Le paradoxe du Brexit
Ces chiffres sont d’autant plus étonnants lorsqu’ils sont remis en perspective. Selon la Préfecture maritime de la Manche et de la mer du Nord, en 2016, seulement 164 personnes ont tenté ou réussi à traverser illégalement la Manche. En 2017, il n’y en avait que 47. Puis avec l’approche du Brexit, ce chiffre a littéralement explosé. En 2018, il s’établissait à 586, puis à 2.758 en 2019 et enfin à 9.551 en 2020. Cela veut dire que cette année, ce précédent record a déjà été dépassé, malgré la crise sanitaire.

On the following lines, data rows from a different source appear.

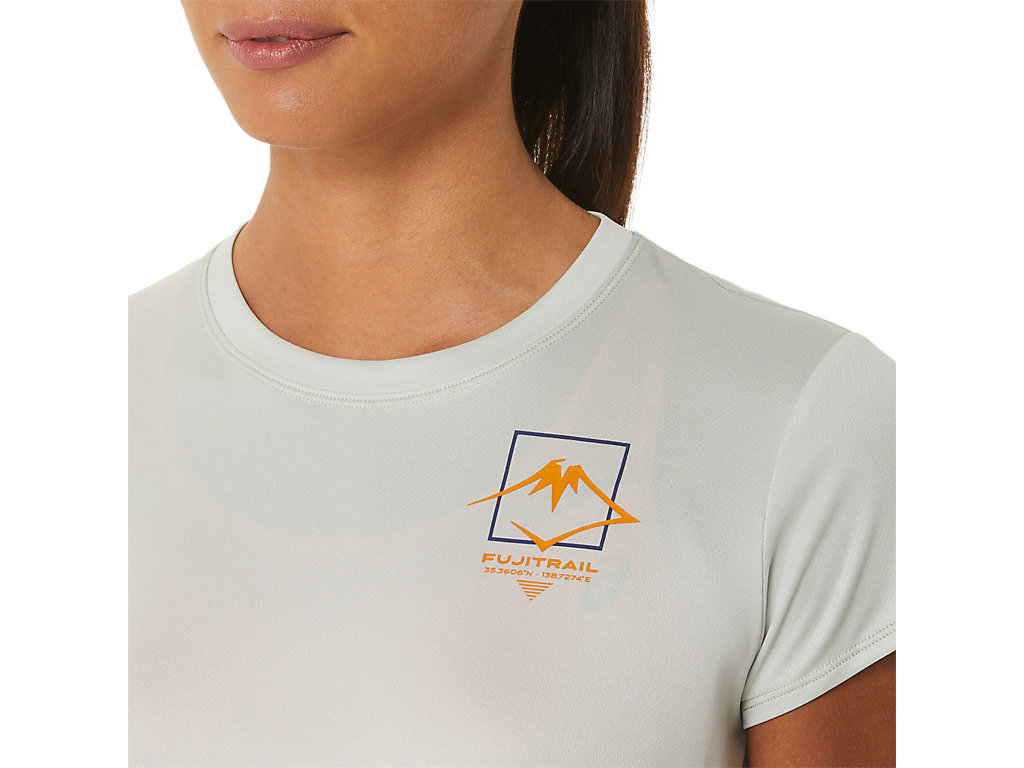 Camiseta Asics Fujitrail Logo Sleeve Feminino Luz Verde Oliva | 2301-FNBZS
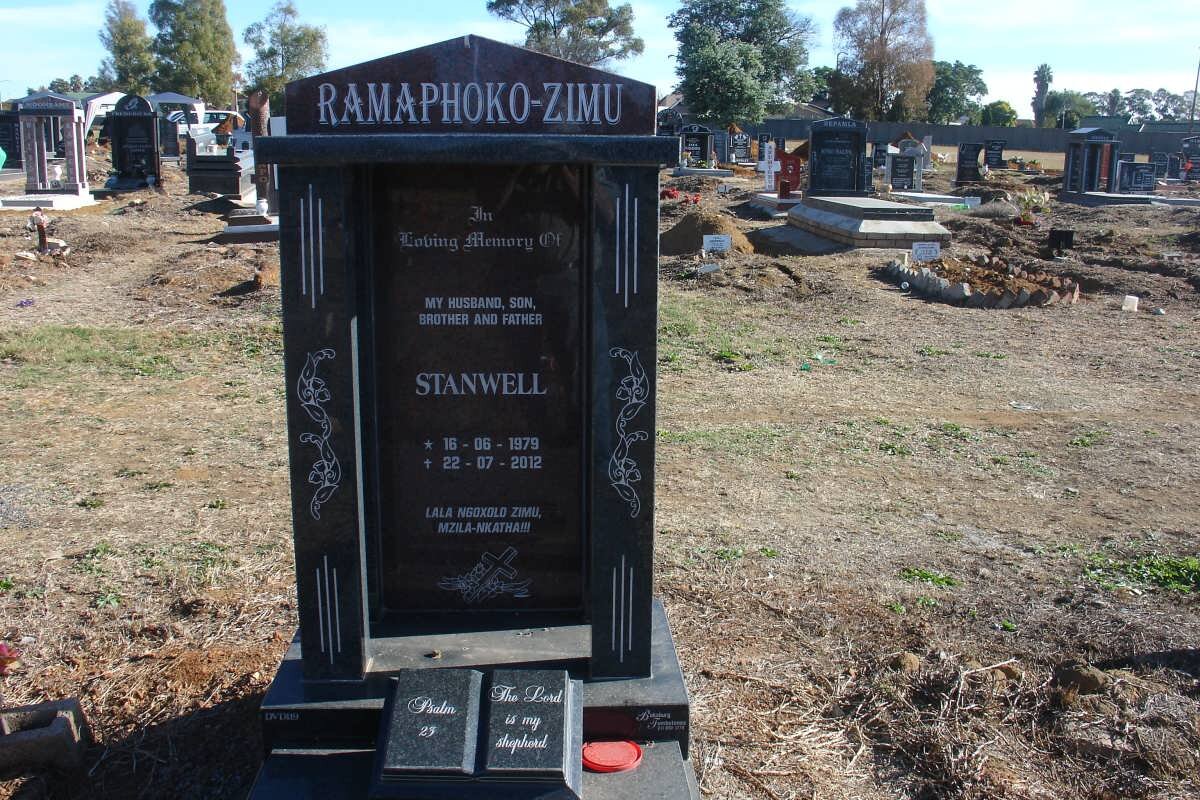 ZIMU Stanwell, Ramphoko 1979-2012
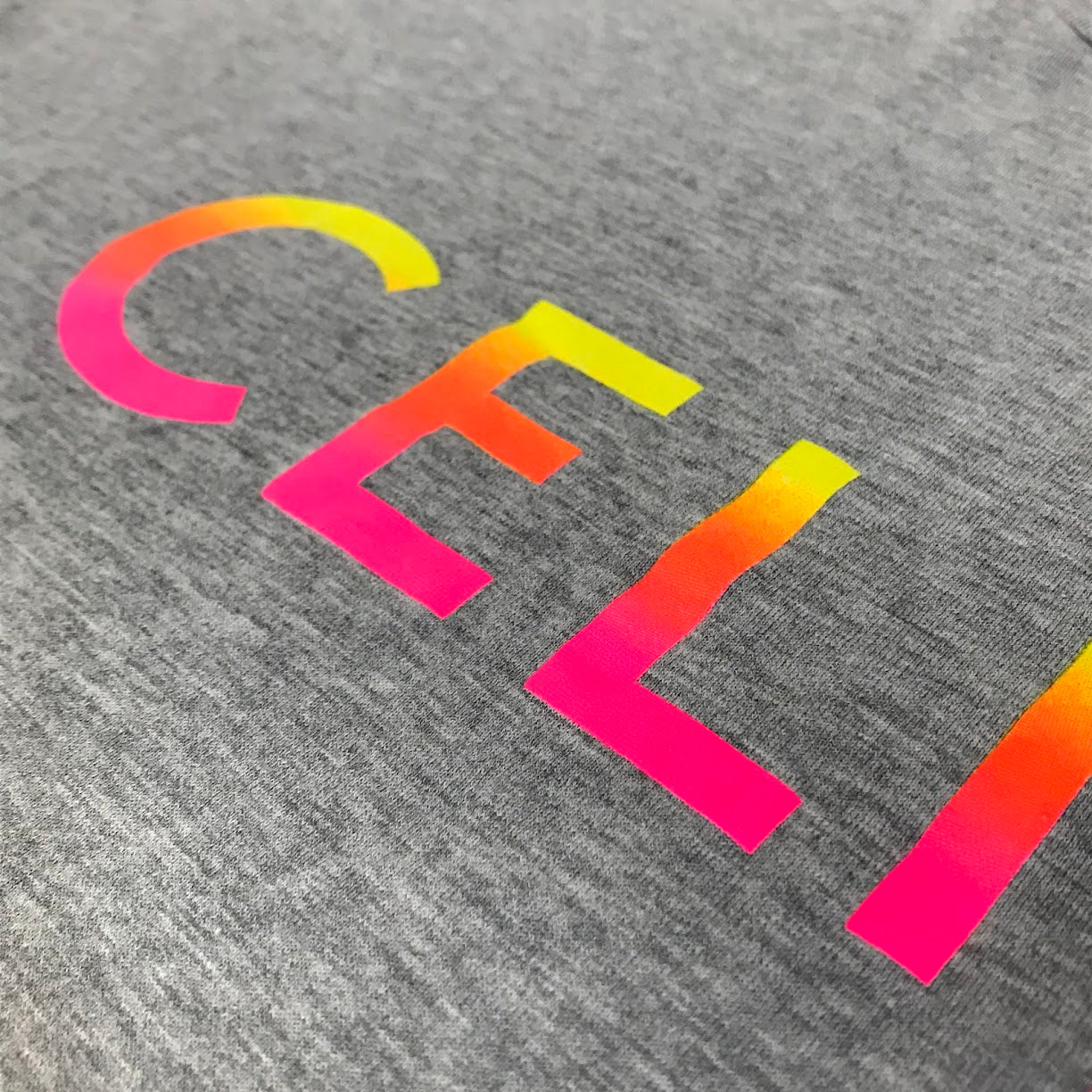 CELINE | セリーヌ Gradient Logo Print ロゴプリント グラデーション 半袖Ｔシャツ 2X10B671Q グレー サイズ：S【倉吉店】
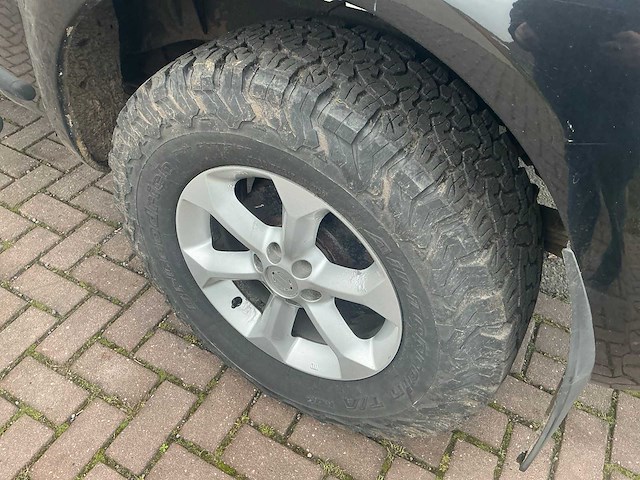 2008 nissan navara 4x4 bedrijfswagen - afbeelding 33 van  36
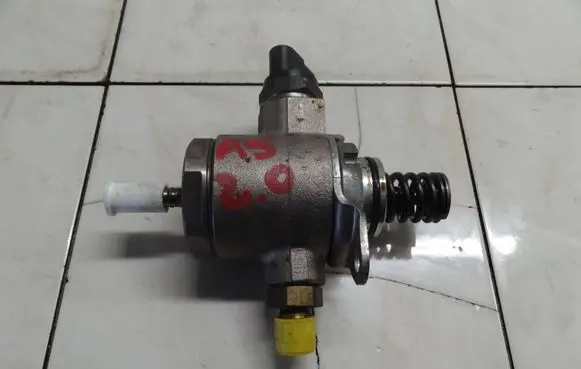 Audi A5 8T 8F Fuel injection high pressure pump 06J127025E
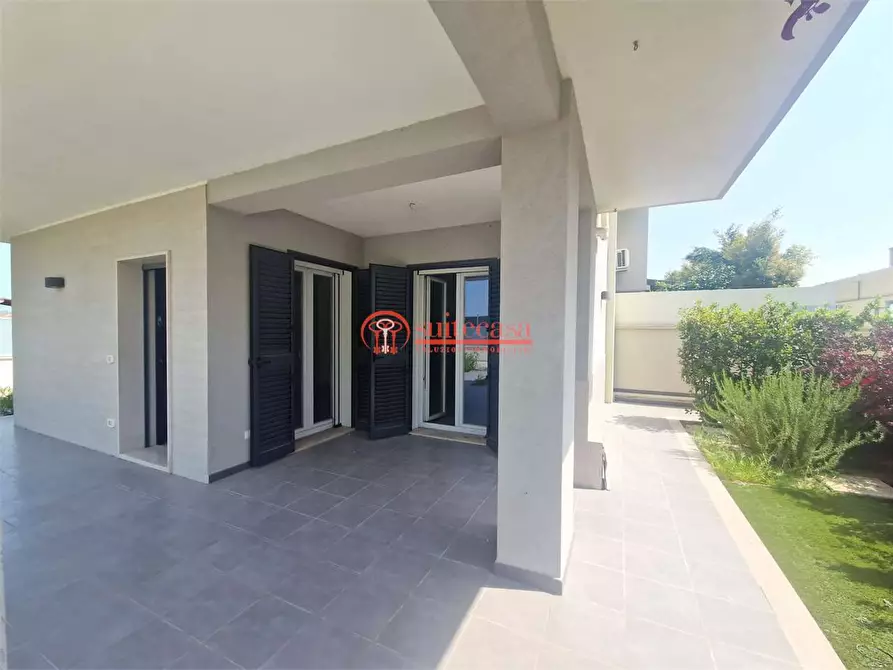 Immagine 11 di Villa in vendita  in via Gusmai a Trani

Cette concordance temporelle avec la sortie du Royaume-Uni de l’Union européenne n’est pas le fruit du hasard selon François Gemenne, chercheur à l’université de Liège et spécialiste des migrations. Comme il l’a expliqué à France Info, ce phénomène «est largement le fait du Brexit». «À cause du Brexit, beaucoup de migrants craignent qu'il soit plus difficile après de rejoindre l'Angleterre et tentent leur va-tout. Rien ne laisse penser pourtant que ce sera plus difficile après le Brexit qu'avant. Mais les passeurs tentent d'en convaincre les migrants», déclare-t-il. Le plus paradoxal dans l’histoire, c’est que lors du référendum sur le Brexit, 47% de ceux qui ont voté pour le «Leave» l’ont fait pour que le Royaume-Uni «contrôle ses frontières et mette en place sa propre politique d’immigration», selon un sondage Survation pour ITN.
Des lois toujours plus dures
En attendant, aujourd’hui, le ton ne cesse de monter au Royaume-Uni. Selon le commandant Dan O'Mahoney, chargé de la "menace clandestine" en Manche, "ces chiffres sont inacceptables, c'est pourquoi nous agissons sur tous les fronts". "Les forces de l'ordre démantèlent les gangs de passeurs" et "le travail conjoint avec les Français a permis de doubler le nombre d'agents de police sur les plages françaises", a-t-il ajouté. La question est régulièrement à l'origine de frictions entre Londres et Paris, mais le Royaume-Uni s'est engagé fin juillet à payer à la France 62,7 millions d'euros en 2021-2022 pour financer le renforcement de la présence des forces de l'ordre françaises sur les côtes.
Le Parlement britannique a commencé avant la trêve estivale à adopter la réforme du système d'asile de la ministre de l'Intérieur Priti Patel, marquant un durcissement promis dans le cadre du Brexit. Présentée par la ministre comme "juste mais ferme" mais dénoncée par des associations de défense des droits humains, elle vise à décourager l'immigration illégale et prévoit de traiter différemment les demandeurs d'asile selon qu'ils soient arrivés dans le pays légalement ou illégalement. Le projet de loi prévoit d'augmenter à quatre ans, contre six mois actuellement, la peine de prison encourue par les migrants qui cherchent à entrer illégalement dans le pays et de porter à la prison à vie - contre 14 ans d'emprisonnement actuellement - la peine maximale encourue par les passeurs.